■ Data in this exercise:
--

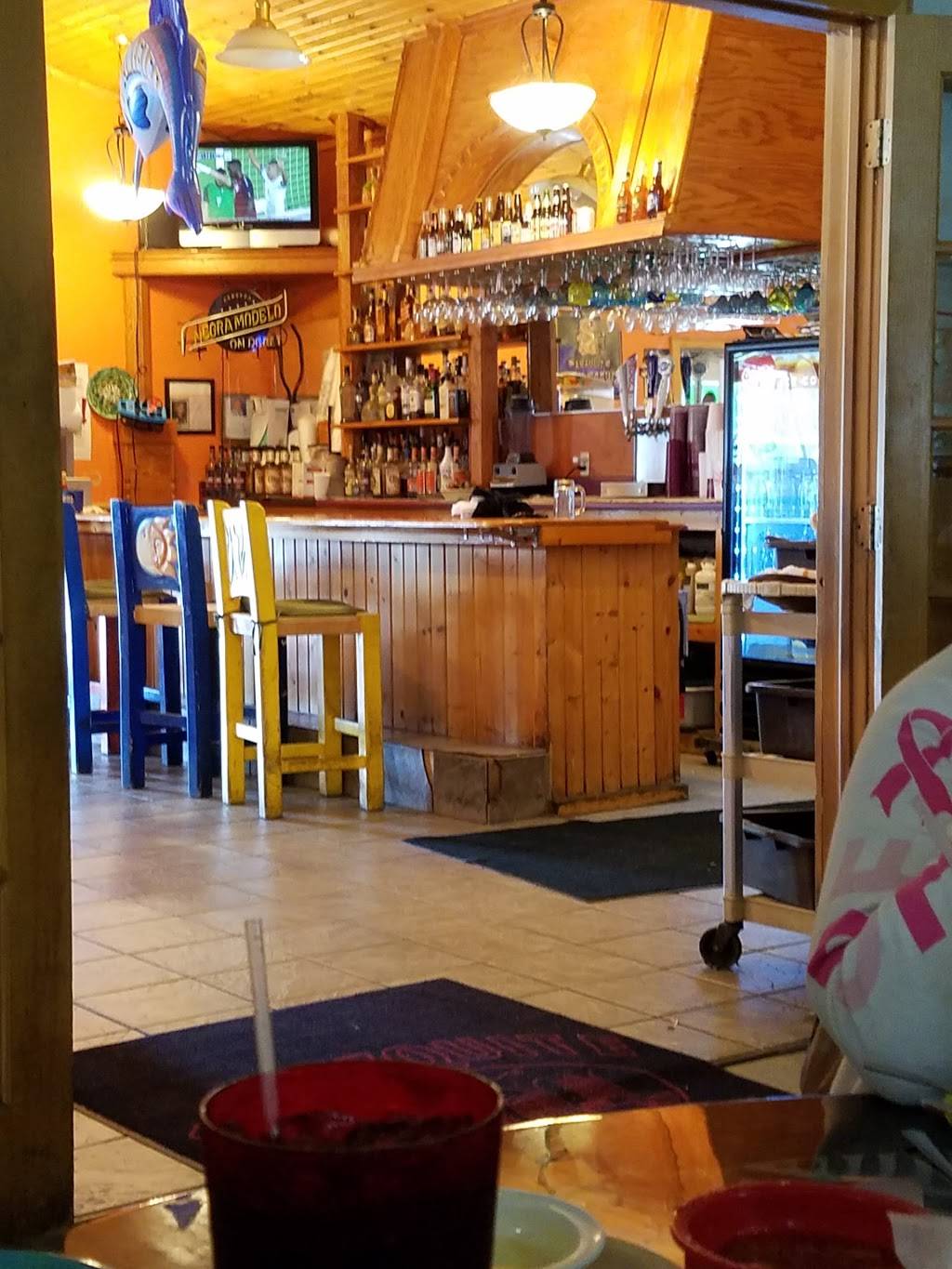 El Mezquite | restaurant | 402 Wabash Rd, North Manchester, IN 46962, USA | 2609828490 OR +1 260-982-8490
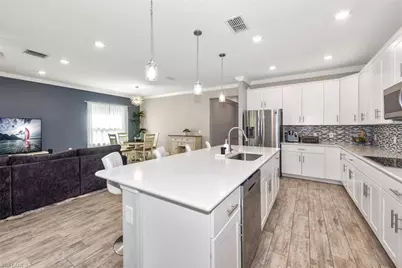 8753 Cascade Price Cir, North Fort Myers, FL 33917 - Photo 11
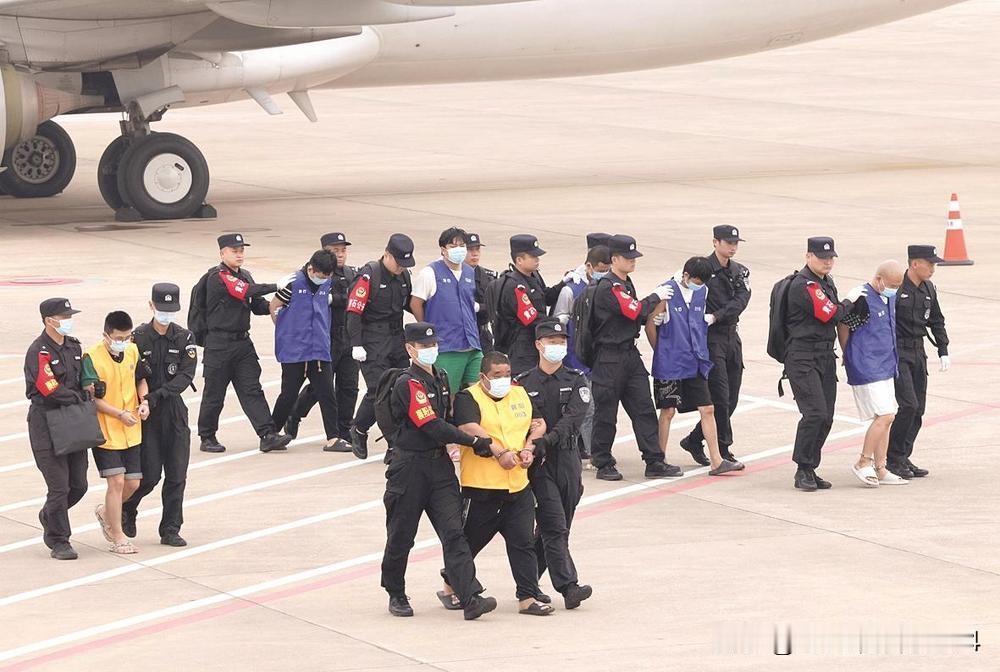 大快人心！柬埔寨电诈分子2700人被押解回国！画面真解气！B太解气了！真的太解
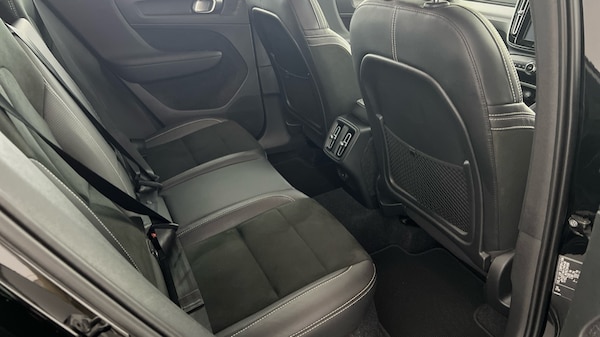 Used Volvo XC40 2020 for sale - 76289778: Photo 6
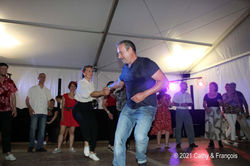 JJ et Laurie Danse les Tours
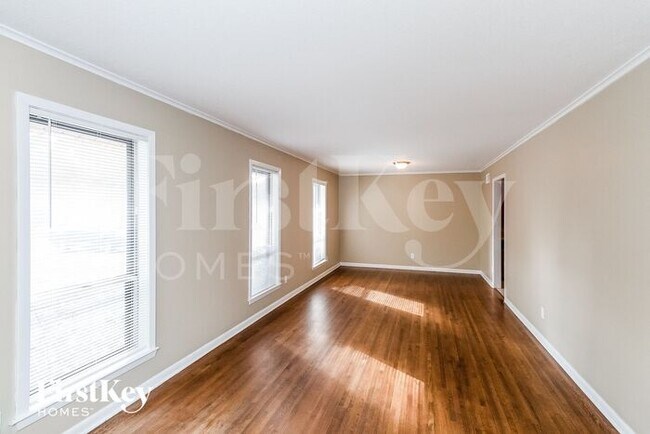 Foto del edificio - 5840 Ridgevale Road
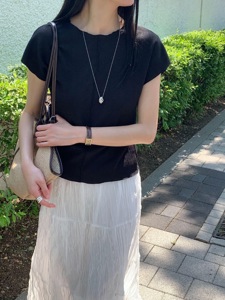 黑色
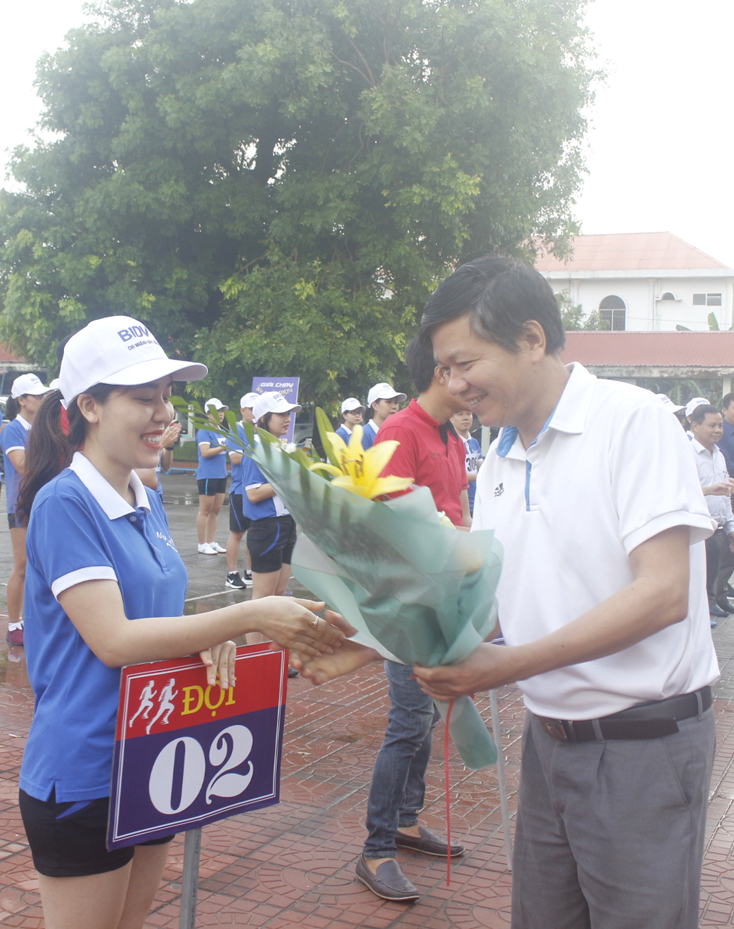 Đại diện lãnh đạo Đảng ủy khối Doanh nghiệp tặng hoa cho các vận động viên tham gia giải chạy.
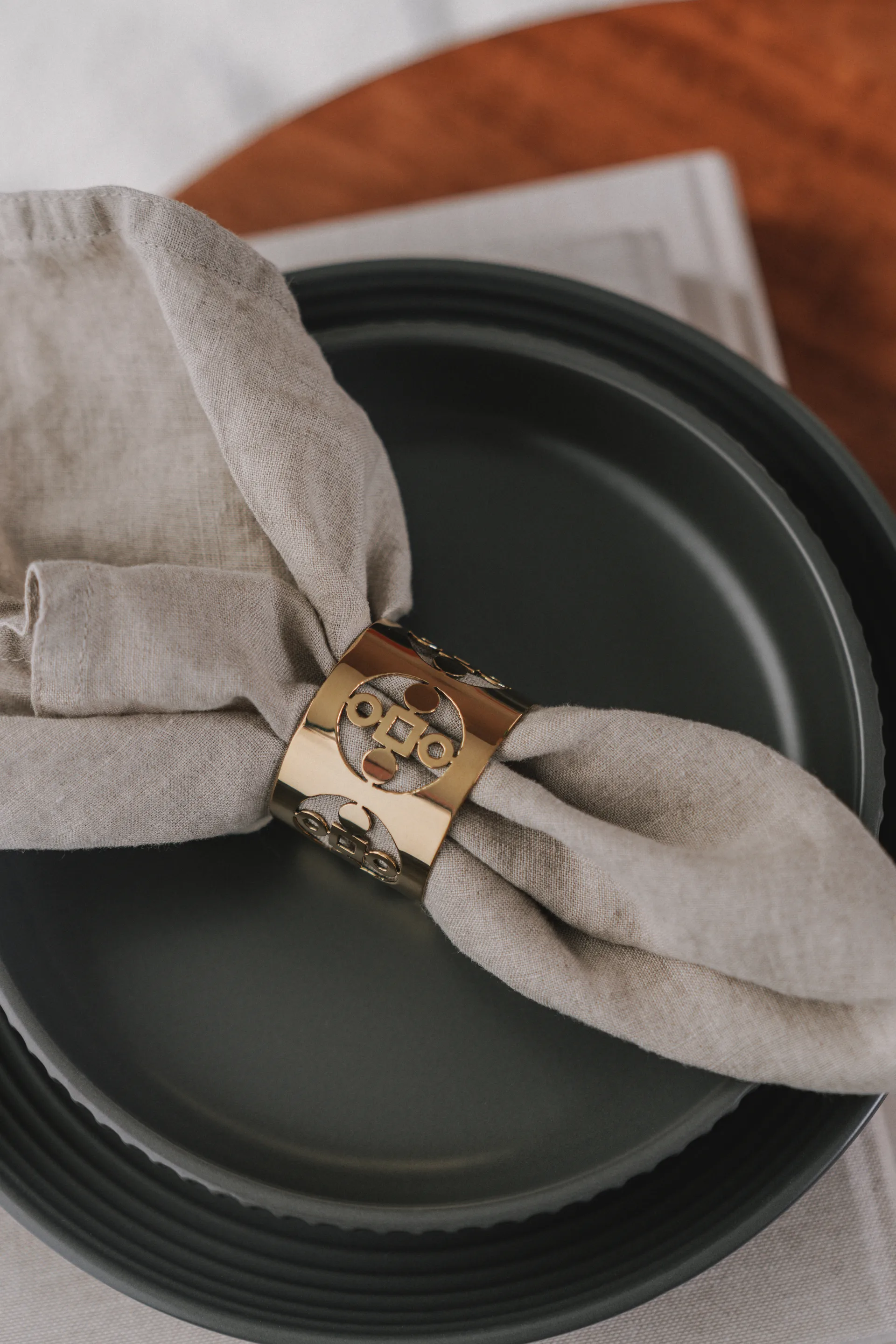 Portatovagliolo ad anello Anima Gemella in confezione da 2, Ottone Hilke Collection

--

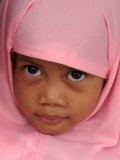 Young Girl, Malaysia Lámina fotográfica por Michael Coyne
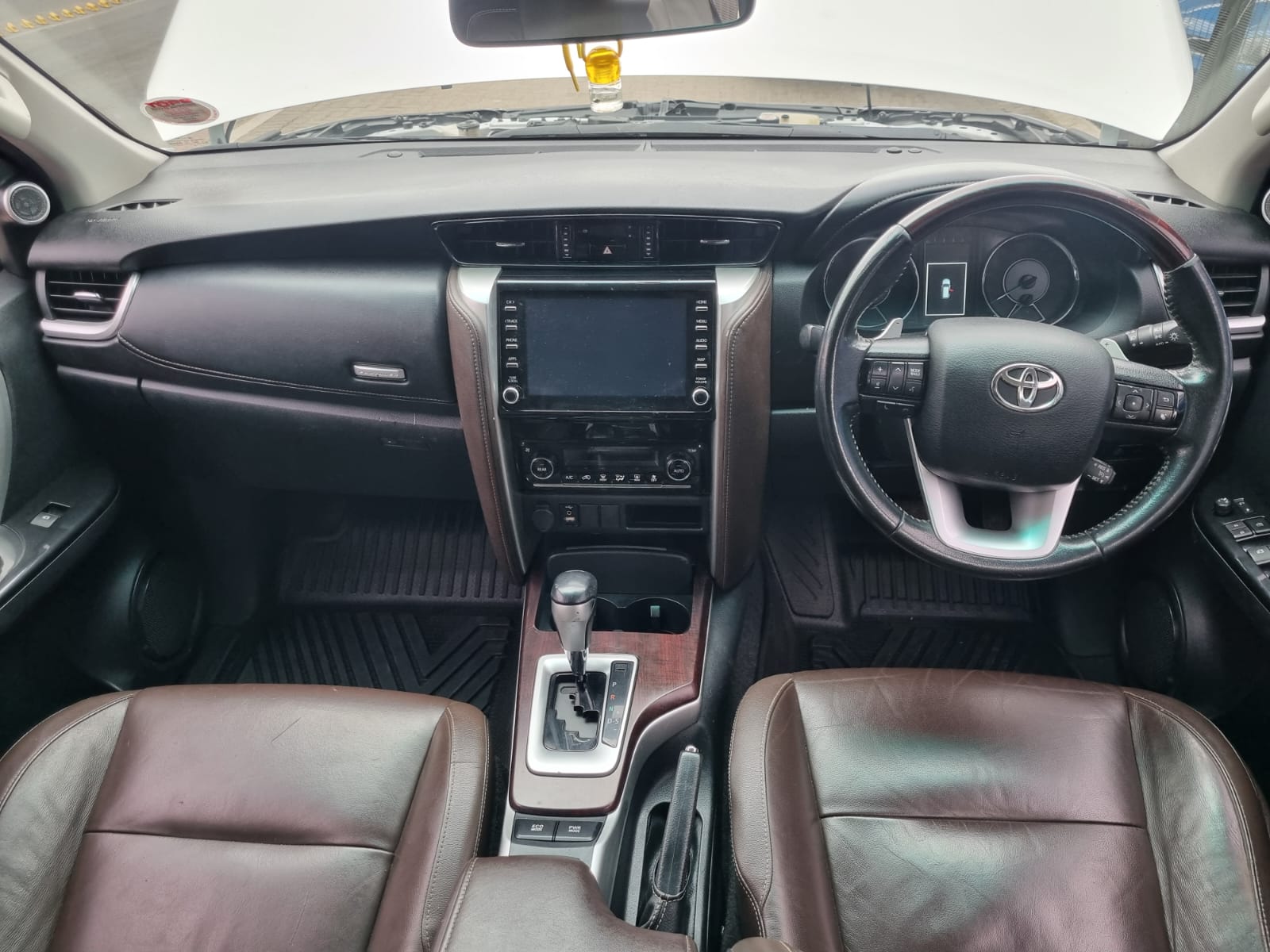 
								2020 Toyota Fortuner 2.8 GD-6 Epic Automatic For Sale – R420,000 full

--

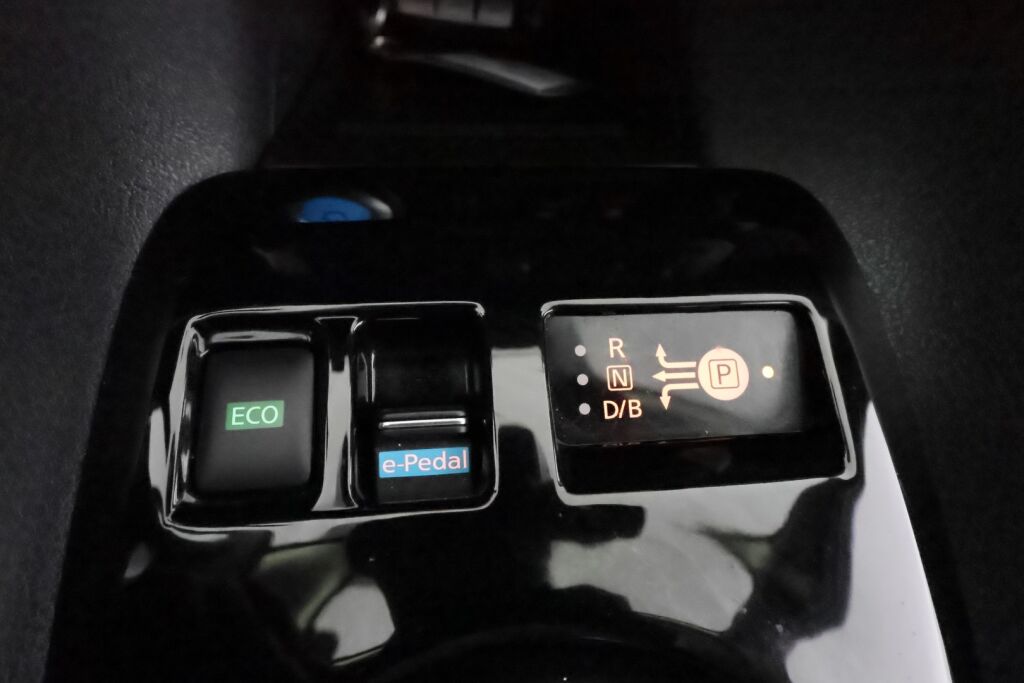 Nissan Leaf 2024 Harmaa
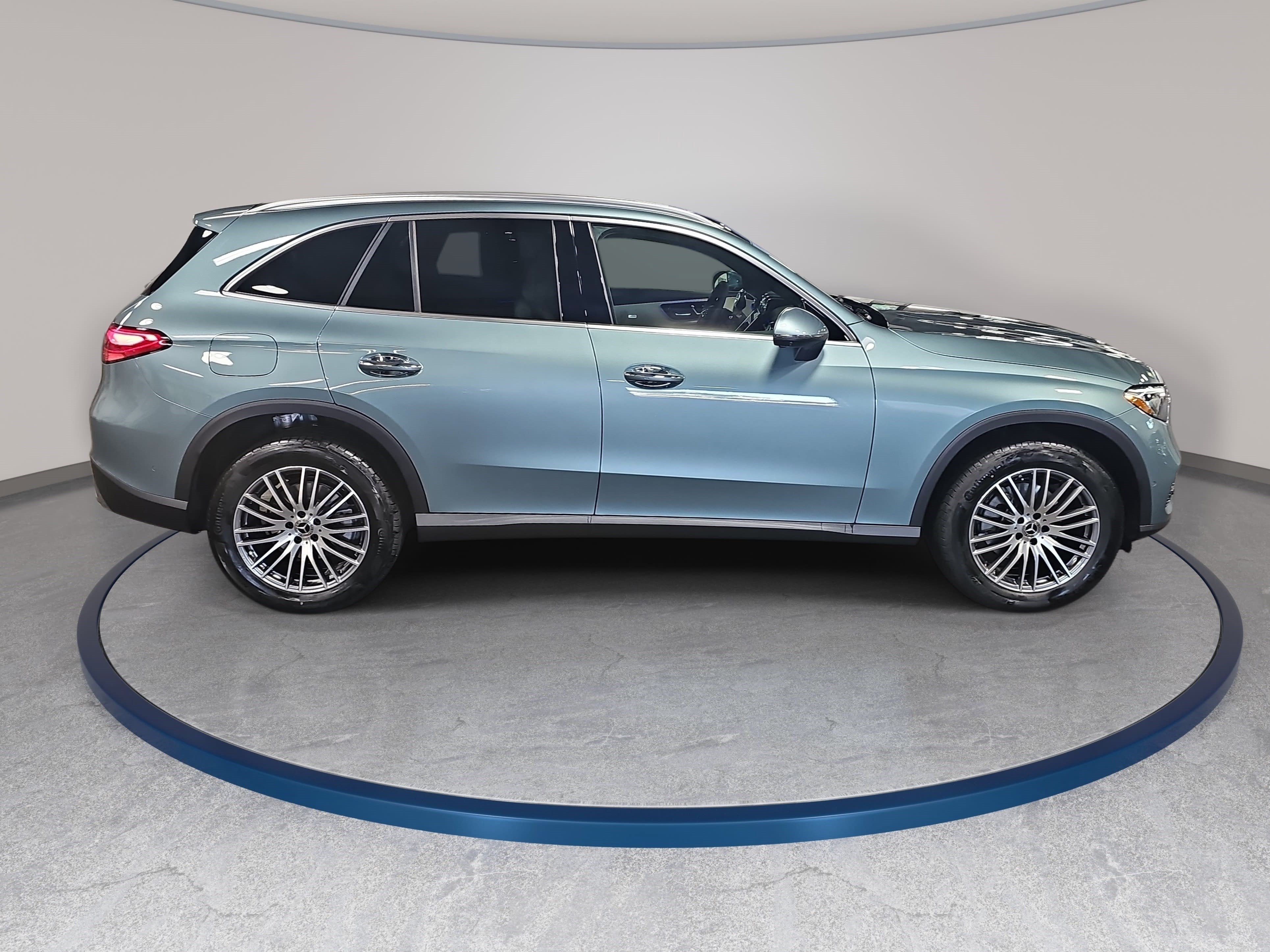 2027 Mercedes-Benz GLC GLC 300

--

■ Your task: In the data above, take the line with "El Mezquite |", the line with "Portatovagliolo ad anello", and every line between, and set them down exactly without pictures.

■ Response:
 El Mezquite | restaurant | 402 Wabash Rd, North Manchester, IN 46962, USA | 2609828490 OR +1 260-982-8490
 8753 Cascade Price Cir, North Fort Myers, FL 33917 - Photo 11
 大快人心！柬埔寨电诈分子2700人被押解回国！画面真解气！B太解气了！真的太解
 Used Volvo XC40 2020 for sale - 76289778: Photo 6
 JJ et Laurie Danse les Tours
 Foto del edificio - 5840 Ridgevale Road
 黑色
 Đại diện lãnh đạo Đảng ủy khối Doanh nghiệp tặng hoa cho các vận động viên tham gia giải chạy.
 Portatovagliolo ad anello Anima Gemella in confezione da 2, Ottone Hilke Collection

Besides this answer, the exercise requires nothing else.